Dynamic relocations:

  • At load time, user specified a base address.
    • Dynamic could rewrite (inspects binary executable) branch addresses, which zone to run in was decided at the program launch.
    • uses offsets
  • Still physical addresses.
    • Moderate flexibility.

Base/Bounds, Offset/Length:

  • Base register & bounds register (hw).
    • All programs are linked using same address space.
  • When program is executing, hardware will take address and add it to base to get 'real' address.
  • Addresses are now virtural.
  • Highly flexible. Programs can move around in memory.

Code, heap, stack + Base/Bounds

  • Every program's code/globals, heap, & stack have a base/bounds register.
    • Code segment
    • Heap segment
    • Code segment
  • High flexibility, finely grained segments.
  • More programs can fit into ram at once.

Explicit vs. Implicit Segmentation:

Explicit:

  • Address, take top two bits. Know which base/bounds to use.
    • If 00, this is an instruction or global (code)
    • If 01, heap.
    • If 10, stack.
    • If 11, error.

Implicit:

  • If address was generated by the program counter:
    • Code segment.
  • If address is relative or used by stack pointer:
    • Stack secgment.
  • If address is anything else:
    • Heap segment.

Stack, heap, code is all still contiguious.


Paging:

  • All of address space.

10.4.21

Heap is managed in user space by the runtime library.

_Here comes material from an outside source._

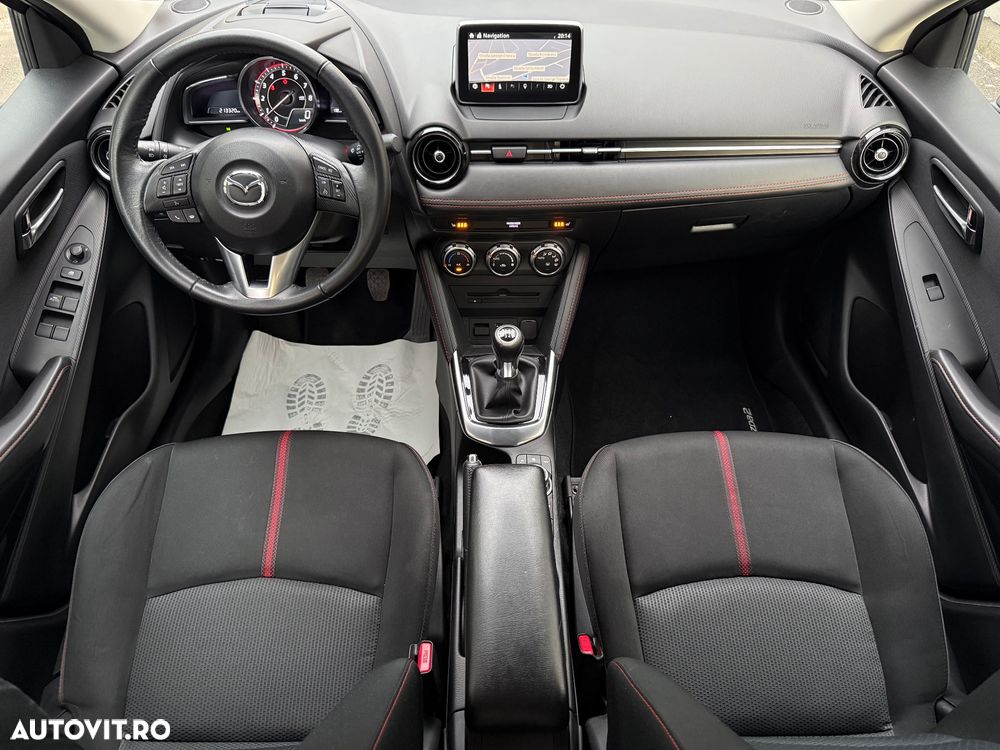 Mazda 2 - 5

The OS allocates usable RAM to your address space, but then the heap is managed by runtime library.

malloc(1k) a
malloc(2k) b
malloc(1k) c
malloc(2k) d
free b
free d

Pointers will be adjusted by runtime when free spaces are touching to make a region 'coalesced' (2k + 1k = 3k free).

  • coalescing
  • splitting

Managed (except for head), by list in the free memory.

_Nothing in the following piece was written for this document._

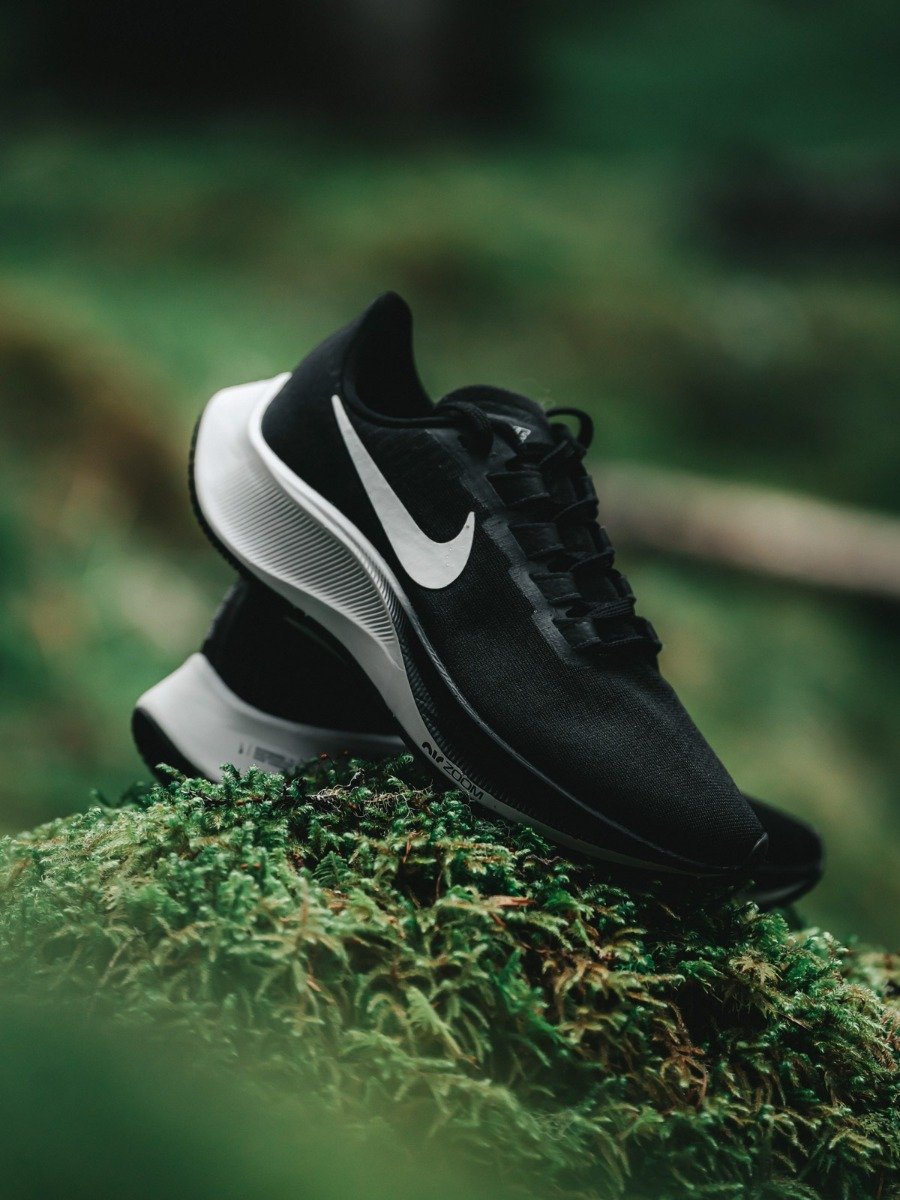 Nike Air Zoom Pegasus 37 Black/ White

Algorithms to decide how to fill 'holes':

  • Best
    • Scan entire list, choose hole that is closest to size needed.
  • Worst
    • Find biggest hole and split it.
  • First
    • Find first hole (head onwards) big enough and use it.
  • Next
    • Find next hole (where malloc left off) big enough and use it.
  • Buddy
    • Always divides holes in half. Gives away on half. Powers of two.
  • Slab
    • Suppose you have a specific data structure that you frequently need to alloc & free (fixed size).
      • Chances are high as a student now, one day you may impliment slab and experience a big performance boost (low level networking).

Slab:

eg.
1K each
1000 of them

malloc(1k) * 1k
split into 1k chunks
maintain free list
Need one? Consult list and hand out.
List could be a stack.
Fast, efficient, no fragmentation.
OS is only involved once per block.

Mentioned:

Implimentation of one or more algorithms listed for a project. (P5?)

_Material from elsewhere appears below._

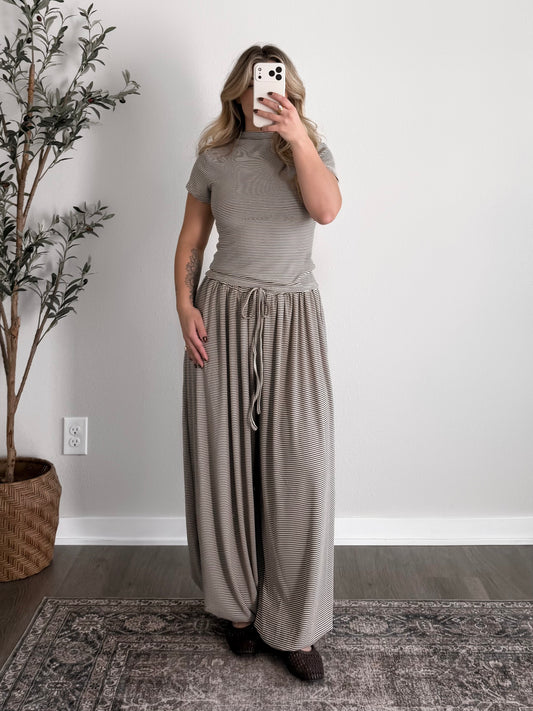 Comfy Company Striped Lounge Set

P4 will be back to xv6, P5 will be back to userland.

P4 will likely be moving the stack. Traditional layout w/stack on bottom of address space.

Can start looking at p4 *now*.


10.18.21

Heierarchical Page Tables

(For scalibility)

(Page tables referenced by page tables)

  24          24          16
1st order | 2nd order | offset

Vbit valid -> many more pages (1000x or more) Vbit invalid -> 1000x or more invalid pages



10.20.21

Translation Lookaside Buffer (TLB)

A caching system in hardware for address translations.

Virtual Addresss

  • Is it in the tlb?
    • Yes -> done
    • No -> is it valid in PT?
      • No -> fault seg
      • Yes -> is it present?
        • No -> fault page
        • Yes -> fill in the tlb.

Virtual Memory

Has a backing device - e.g. disk

Has larger capacity than main memory.

Layout:

| -TLB- | P | V | D | R |

[Swap]
TLB: Translocation Lookaside Buffer
P: Pagetable
V: Valid
D: Dirty
R: Referenced

If there is a pagefault, pass handling (trap) from hardware (low level event) to software (high level event handling).

Noticed: you need some page off the swap device.

  • Data for swap device data location on page table. Know where to get it.
  • Know where to put it. Introduces page replacement algorithm. What to swap?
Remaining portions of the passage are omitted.